British Royal Navy pilot

David Ramsey Foster, DSO, DSC (24 May 1920 – 4 June 2010) was a British Royal Navy officer and businessman. He was a decorated pilot during World War II and president and chairman of Colgate-Palmolive. He was married to actress Glynis Johns.

==Early life and education==
David Ramsey Foster was born on 24 May 1920 in London to American parents Robert Bagley Foster, an Olympian swimmer, and Josephine Pontius Foster (née Ramsey). His sister, Phoebe Louise Foster, married Lieutenant Osbert Stephen Boothby, the son of Commander William Osbert Boothby MVO RN, on 21 June 1938.

Foster was educated first at Stowe School and then at Gonville and Caius, Cambridge, where he studied economics and graduated in 1938.

==Career==
Once World War II had come to an end, Lieutenant-Commander David Foster had served in both the Western Desert and the Pacific theatres, and had received both the DSO and DSC and Bar.

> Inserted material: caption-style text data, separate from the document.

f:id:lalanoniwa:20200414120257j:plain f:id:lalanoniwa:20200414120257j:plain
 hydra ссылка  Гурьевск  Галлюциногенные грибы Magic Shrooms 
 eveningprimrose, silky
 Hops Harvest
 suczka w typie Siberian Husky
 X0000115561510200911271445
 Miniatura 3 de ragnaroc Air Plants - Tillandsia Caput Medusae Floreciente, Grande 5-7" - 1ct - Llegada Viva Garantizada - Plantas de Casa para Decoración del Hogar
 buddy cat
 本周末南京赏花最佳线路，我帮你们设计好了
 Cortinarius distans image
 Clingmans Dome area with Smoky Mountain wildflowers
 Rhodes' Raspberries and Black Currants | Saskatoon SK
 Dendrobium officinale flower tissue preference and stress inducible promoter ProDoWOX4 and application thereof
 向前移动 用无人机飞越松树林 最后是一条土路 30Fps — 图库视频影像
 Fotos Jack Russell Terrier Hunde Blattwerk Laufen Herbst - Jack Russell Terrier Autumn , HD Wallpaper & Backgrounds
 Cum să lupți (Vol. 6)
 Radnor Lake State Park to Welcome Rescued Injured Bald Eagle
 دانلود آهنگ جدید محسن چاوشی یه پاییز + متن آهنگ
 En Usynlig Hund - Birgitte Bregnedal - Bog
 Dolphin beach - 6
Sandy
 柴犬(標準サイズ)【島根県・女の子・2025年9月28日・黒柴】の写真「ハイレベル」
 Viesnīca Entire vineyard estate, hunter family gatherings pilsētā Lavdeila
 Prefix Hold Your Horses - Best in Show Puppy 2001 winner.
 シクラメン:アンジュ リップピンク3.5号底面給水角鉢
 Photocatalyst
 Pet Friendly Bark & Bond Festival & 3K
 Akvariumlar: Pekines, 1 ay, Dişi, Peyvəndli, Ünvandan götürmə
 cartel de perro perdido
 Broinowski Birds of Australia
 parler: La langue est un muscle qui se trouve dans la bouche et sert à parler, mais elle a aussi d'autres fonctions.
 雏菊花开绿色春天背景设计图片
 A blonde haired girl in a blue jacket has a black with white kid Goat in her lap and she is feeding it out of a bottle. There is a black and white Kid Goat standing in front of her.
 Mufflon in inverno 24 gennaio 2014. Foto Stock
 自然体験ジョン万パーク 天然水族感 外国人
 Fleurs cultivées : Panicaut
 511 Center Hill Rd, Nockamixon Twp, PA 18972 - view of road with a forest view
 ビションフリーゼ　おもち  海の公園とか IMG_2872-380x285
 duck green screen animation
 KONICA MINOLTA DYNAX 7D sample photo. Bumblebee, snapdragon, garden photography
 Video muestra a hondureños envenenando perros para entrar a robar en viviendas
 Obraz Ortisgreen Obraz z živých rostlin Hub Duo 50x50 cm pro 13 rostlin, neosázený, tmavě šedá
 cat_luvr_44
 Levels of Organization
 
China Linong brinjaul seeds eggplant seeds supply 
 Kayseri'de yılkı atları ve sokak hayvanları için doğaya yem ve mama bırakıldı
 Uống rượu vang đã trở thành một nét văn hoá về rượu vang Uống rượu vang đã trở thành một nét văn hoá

Foster joined Colgate-Palmolive after the war. He rose to become president in 1970 and chairman in 1975.

==Personal life==
Foster married three times. On 1 February 1952 in Manhattan, New York, he married actress and divorcee Glynis Johns. They divorced on 17 May 1956 and on 2 August 1957 he married Anne Firth, with whom he had two daughters. Finally, he married Alexandra Chang on 24 May 1996.

He died on 4 June 2010 in Brimfield, Massachusetts.